En el libro también rompes otro mantra: el de que el progreso tenga que ser siempre lineal. ¿Cuánto tiene que esto con que seamos seres humanos que corren todo el tiempo?

Siendo un ferviente admirador de las cosas que nos ha dado la ciencia y la tecnología, creo que nos hemos metido en una rueda en la que hay que correr para ser más eficientes, para hacer constelaciones de satélites más económicos y más rápidamente… una idea que yo creo que es absurda, porque no vamos a poder mejorar esa eficiencia siempre. Eso es imposible. Esa idea de progreso loco no la comparto. Yo llamaría a lo que estamos haciendo evolución. Y en ella hay aspectos muy positivos y otros muy negativos. Puede que estemos en el mejor momento de la historia, pero muchos no lo ven así. Y muestra de ello es que hay mucha gente que se toma pastillas. Quizá la idea de progreso hay que revisarla: o cambiarla por otra o modificar los objetivos que estamos buscando. Si es el bienestar, no es compatible con hacer las cosas más rápido.

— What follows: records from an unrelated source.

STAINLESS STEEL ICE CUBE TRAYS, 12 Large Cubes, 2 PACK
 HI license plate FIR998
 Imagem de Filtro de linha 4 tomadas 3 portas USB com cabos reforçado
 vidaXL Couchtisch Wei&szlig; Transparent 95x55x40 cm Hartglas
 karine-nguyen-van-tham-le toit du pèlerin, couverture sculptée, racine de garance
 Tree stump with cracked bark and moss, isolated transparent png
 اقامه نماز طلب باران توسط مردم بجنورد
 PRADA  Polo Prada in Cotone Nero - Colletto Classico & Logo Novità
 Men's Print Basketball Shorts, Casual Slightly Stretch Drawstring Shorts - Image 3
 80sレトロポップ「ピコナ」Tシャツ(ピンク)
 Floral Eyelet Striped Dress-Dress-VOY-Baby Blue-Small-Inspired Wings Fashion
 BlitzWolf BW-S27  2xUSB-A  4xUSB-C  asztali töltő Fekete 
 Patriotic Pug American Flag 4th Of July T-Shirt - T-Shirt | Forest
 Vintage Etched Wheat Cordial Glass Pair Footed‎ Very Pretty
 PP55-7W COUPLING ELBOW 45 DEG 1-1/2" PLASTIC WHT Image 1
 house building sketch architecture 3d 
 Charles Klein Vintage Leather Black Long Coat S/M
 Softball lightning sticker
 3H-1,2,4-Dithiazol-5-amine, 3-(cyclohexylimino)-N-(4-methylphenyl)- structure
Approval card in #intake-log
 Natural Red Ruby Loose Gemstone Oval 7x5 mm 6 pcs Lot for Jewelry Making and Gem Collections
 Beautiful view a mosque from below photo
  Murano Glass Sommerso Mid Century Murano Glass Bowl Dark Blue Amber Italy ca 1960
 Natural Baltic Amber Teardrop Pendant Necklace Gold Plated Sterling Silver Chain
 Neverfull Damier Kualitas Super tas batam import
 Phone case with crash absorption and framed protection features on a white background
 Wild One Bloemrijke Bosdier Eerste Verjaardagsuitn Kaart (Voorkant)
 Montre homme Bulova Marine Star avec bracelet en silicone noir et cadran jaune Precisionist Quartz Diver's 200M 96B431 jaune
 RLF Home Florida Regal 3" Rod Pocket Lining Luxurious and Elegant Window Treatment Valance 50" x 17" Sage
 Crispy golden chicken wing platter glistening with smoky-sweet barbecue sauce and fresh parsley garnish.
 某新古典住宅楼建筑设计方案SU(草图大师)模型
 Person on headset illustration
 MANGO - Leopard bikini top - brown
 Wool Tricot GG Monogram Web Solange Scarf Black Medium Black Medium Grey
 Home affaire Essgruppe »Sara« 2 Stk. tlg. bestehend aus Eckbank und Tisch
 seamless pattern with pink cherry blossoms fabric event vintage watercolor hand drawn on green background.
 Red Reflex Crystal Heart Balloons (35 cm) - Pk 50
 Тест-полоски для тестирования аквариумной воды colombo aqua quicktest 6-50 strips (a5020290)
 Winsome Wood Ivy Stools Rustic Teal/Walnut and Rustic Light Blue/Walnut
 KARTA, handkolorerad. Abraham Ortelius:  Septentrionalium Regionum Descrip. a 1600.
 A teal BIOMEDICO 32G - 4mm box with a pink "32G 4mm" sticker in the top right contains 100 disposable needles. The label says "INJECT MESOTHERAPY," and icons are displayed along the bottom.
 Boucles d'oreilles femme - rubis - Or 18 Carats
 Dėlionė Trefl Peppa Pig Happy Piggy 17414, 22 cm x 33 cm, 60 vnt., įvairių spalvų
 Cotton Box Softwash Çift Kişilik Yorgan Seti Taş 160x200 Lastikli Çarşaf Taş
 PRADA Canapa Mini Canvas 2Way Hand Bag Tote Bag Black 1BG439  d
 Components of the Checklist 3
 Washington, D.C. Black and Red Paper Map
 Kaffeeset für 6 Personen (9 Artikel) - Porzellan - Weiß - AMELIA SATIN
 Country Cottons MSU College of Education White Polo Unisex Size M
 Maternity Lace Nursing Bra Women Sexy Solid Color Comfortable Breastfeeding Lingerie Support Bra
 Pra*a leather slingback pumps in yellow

«El hecho de saber que vamos a morir es una pérdida»

¿Debemos de, además de hacer las cosas, saber por qué las hacemos?

De esto ya hablaban los griegos a través de su concepto tékne. Es decir, no solo ser capaz de hacer algo, sino saber por qué. Si juntas las dos partes, te acabas metiendo dentro de la cosa. Pero esto que comentas pasa desde los romanos: el hacer y hacer sin tener realmente una concepción de para qué lo quiero. Todo esto nos lleva al desconsuelo y a la infelicidad.

La melancolía es un hilo que recorre todo el libro. ¿Por qué?

Este libro nace de un momento en el que voy a acostar a mi hijo y me dijo que le había entrado la muerte y no se le iba. Algo que me conmovía mucho por él, pero también por mí, porque no tenía ni idea de dónde la había puesto yo. El hecho de saber que vamos a morir es una pérdida. Y cómo la elaboramos me interesa mucho: no escondiéndola, sino sabiendo que está. Lo que lleva implícito la melancolía. Por ello quería rascar ahí, porque te mantiene conectado, sintiente y hasta en cierto modo consuela. Por eso me salió mantenerla durante todo el libro.